(Image-caption web data)
▼
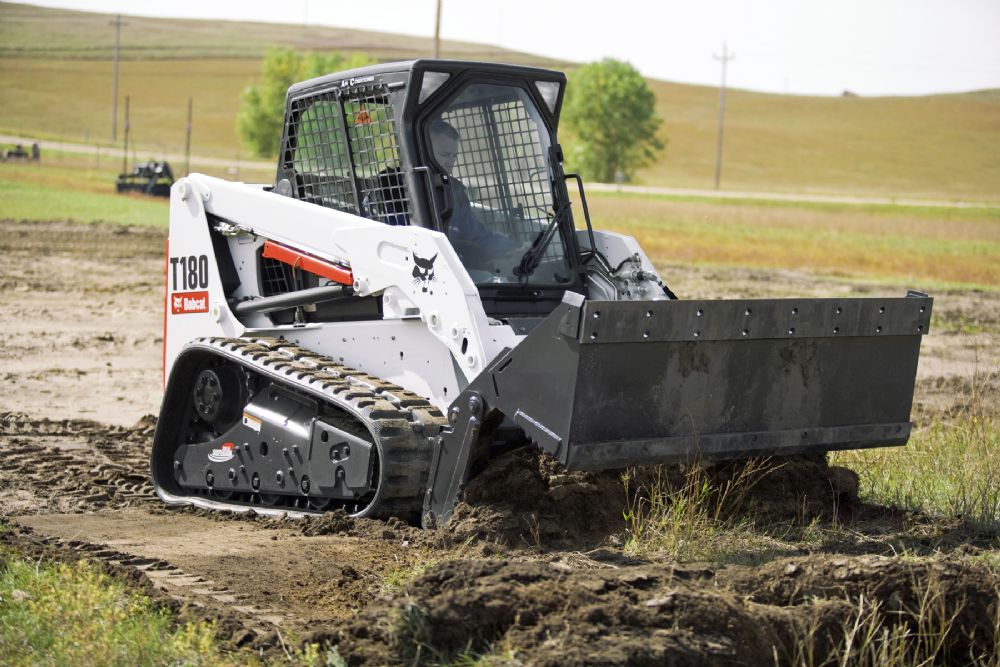Bobcat LaserGuided Grading Receivers Allow Grade Elevation Adjustment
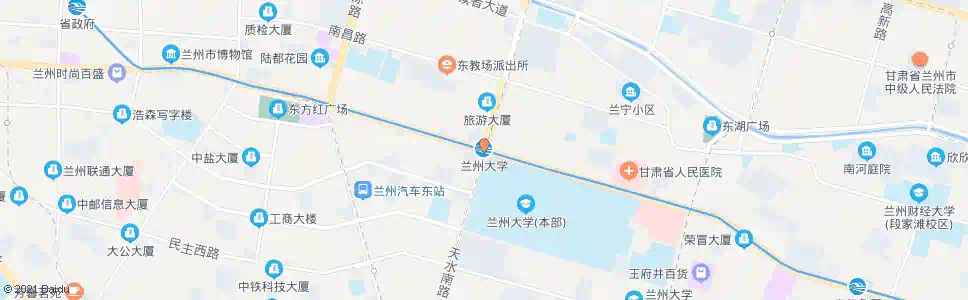 兰州兰州大学_公交站地图_兰州公交_妙搜公交查询2025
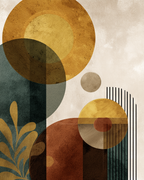 Abstraktes Design Mit Formen Und Farben Textur | Mid Century Modern | Einrichtungsstile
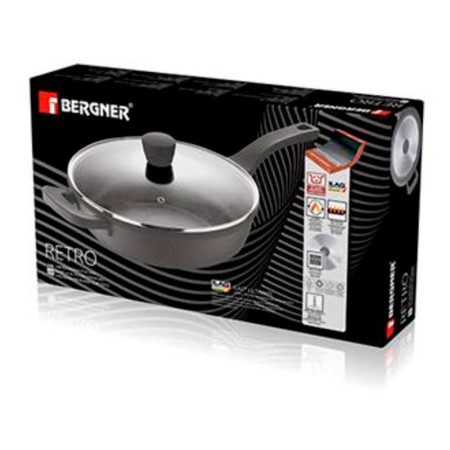 Сковорода Bergner Retro BG (BG-30736-NP) черный 28 см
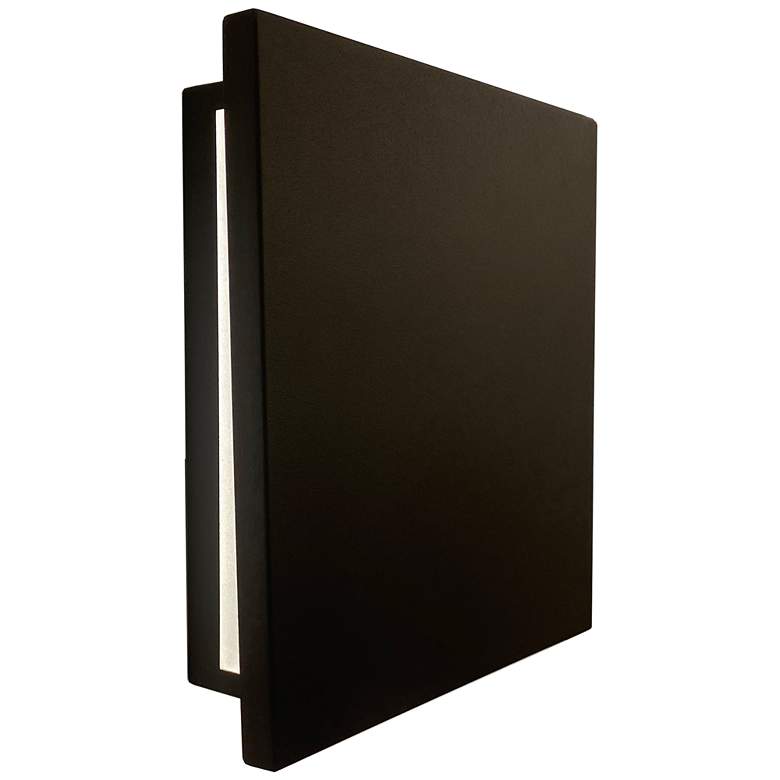 Image 1 Abra Mona Lisa Square Panel LED Wet Location Wall fixture Matte Black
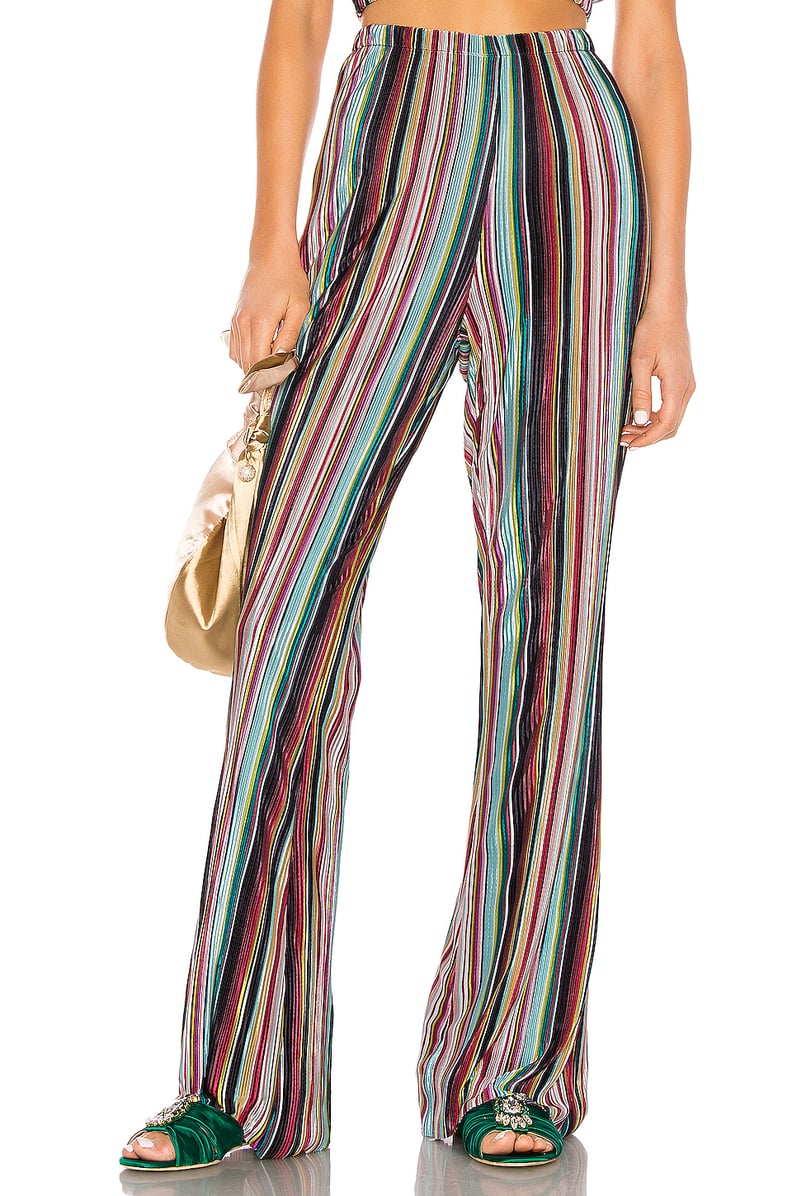 Camila Coelho Jaggar Pant in Multi Stripe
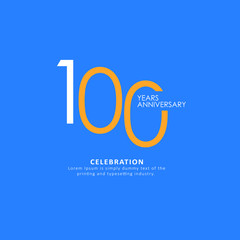 Fototapeta premium 100 Year Anniversary Vector Template Design Illustration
▲
## TO DO
Keep the pictures out of the copy and return the rest of the data above exactly.

## SOLUTION TO THE EXERCISE
Bobcat LaserGuided Grading Receivers Allow Grade Elevation Adjustment
 兰州兰州大学_公交站地图_兰州公交_妙搜公交查询2025
 Abstraktes Design Mit Formen Und Farben Textur | Mid Century Modern | Einrichtungsstile
 Сковорода Bergner Retro BG (BG-30736-NP) черный 28 см
 Image 1 Abra Mona Lisa Square Panel LED Wet Location Wall fixture Matte Black
 Camila Coelho Jaggar Pant in Multi Stripe
 Fototapeta premium 100 Year Anniversary Vector Template Design Illustration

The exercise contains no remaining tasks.